The backbone density is very well defined for all four polypeptide chains, except for two surface loops involving residues 217–218 and 354–356 in both halves of the molecule. The amino terminus of the small polypeptide (residues 2–6) is poorly ordered in the A half but well ordered in the B half where the side chains of Glu3and Gln4 are involved in hydrogen bonding with residues in a symmetry-related molecule. Conversely, the carboxyl terminus of the large polypeptide (residues 576–578) is poorly ordered in the B half but well defined in the A half where the terminal carboxyl group is hydrogen bonded to the amide nitrogen of Gln75 in a neighboring molecule. A number of side chains on the surface of the molecule (15 in the A half and 23 in the B) exhibit some degree of disorder, although in many cases this is limited to truncated density for the termini of the longer side chains of arginine and lysine.

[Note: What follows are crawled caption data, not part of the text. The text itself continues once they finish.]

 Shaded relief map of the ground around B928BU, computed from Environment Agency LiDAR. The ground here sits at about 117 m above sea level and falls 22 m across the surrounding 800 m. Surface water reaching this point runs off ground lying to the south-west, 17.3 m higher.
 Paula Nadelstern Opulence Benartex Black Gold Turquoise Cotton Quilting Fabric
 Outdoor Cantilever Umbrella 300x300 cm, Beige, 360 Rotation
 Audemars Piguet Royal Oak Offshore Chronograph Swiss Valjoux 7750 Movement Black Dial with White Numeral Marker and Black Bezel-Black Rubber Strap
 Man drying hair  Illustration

Structural Features of MPO
The overall polypeptide fold for human MPO (Fig. 1) is the same as reported previously for the dog enzyme (
) and described briefly in the introduction. However, the higher resolution of the current electron density map has allowed more detailed characterization of a number of structural features. The calcium-binding site has typical pentagonal bipyramidal coordination. The Oγ of Ser174 and the peptide carbonyl oxygen of Phe170 provide the axial ligands, whereas the other five ligands (Asp96 carboxyl oxygen and peptide carbonyl oxygen, Thr168 hydroxyl and peptide carbonyl oxygens, and Asp172 carboxyl oxygen) are arranged approximately co-planar. Five of these ligands arise from residues within the 168–174 loop of the large polypeptide, whereas the other two involve Asp96, which is adjacent to the distal His95 in the small polypeptide. The orientations of all of the sugars comprising the Asn317 glycosylation site have been determined. The carbohydrate chain consists of the standard (GlcNac)2-(Man)3 structure with a fucose 1–6 linked to the first GlcNac. Interactions between these sugar chains in the two halves of the molecule make up much of the dimer interface in MPO. Details of the carbohydrate conformation and its interactions with the protein will be presented elsewhere.

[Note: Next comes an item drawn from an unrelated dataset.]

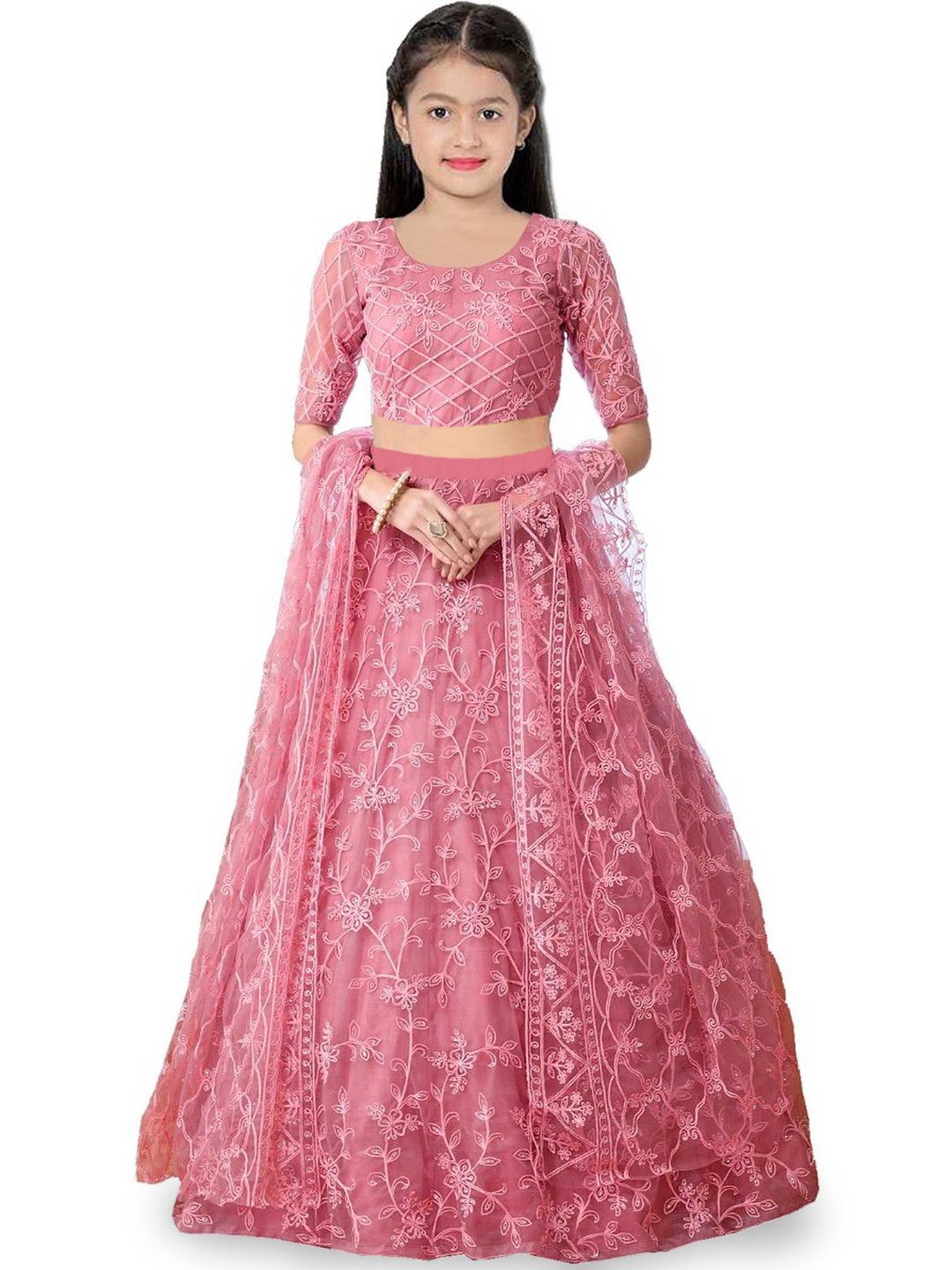 BAESD Girls Embroidered Thread Work Semi-Stitched Lehenga & Unstitched Blouse With Dupatta-picture-34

Figure 1Entire MPO dimer, viewed along the molecular dyad axis. The large polypeptides of the two halves are coloredred and blue, whereas the small polypeptides are in lighter shades of the same colors. Other color coded features include: hemes (green), carbohydrate (orange), calcium (purple), and chloride (yellow). At the center of the molecule the disulfide linking the two halves is shown in black.
The heme group is a derivative of protoporphyrin IX in which the methyl groups on pyrrole rings A and C have been modified to allow formation of ester linkages with the carboxyl groups of Glu242 and Asp94, respectively. In addition the β-carbon of the vinyl group on pyrrole ring A forms a covalent bond with the sulfur atom of Met243, giving rise to a sulfonium ion linkage (Fig. 2). The resulting positive charge on the sulfur atom does not appear to be involved in any additional electrostatic interactions with the protein. The heme porphyrin ring is considerably distorted from planarity. Although pyrrole rings B and D are nearly co-planar, ring A and, to a lesser degree, ring C are tilted toward the distal side, resulting in a bow-shaped structure for the heme. Because of these distortions to the porphyrin ring, it is impractical to define the position of the central iron atom with respect to a “heme plane” as is commonly reported for heme-containing proteins. However, the iron is positioned slightly to the proximal side, 0.2 Å below a line connecting the nitrogen atoms of pyrrole rings B and D. The Nε of His336provides the proximal ligand to the iron, with an iron to nitrogen distance of 2.19 Å, whereas the Nδ of this residue is hydrogen bonded to the amide carbonyl oxygen of Asn421.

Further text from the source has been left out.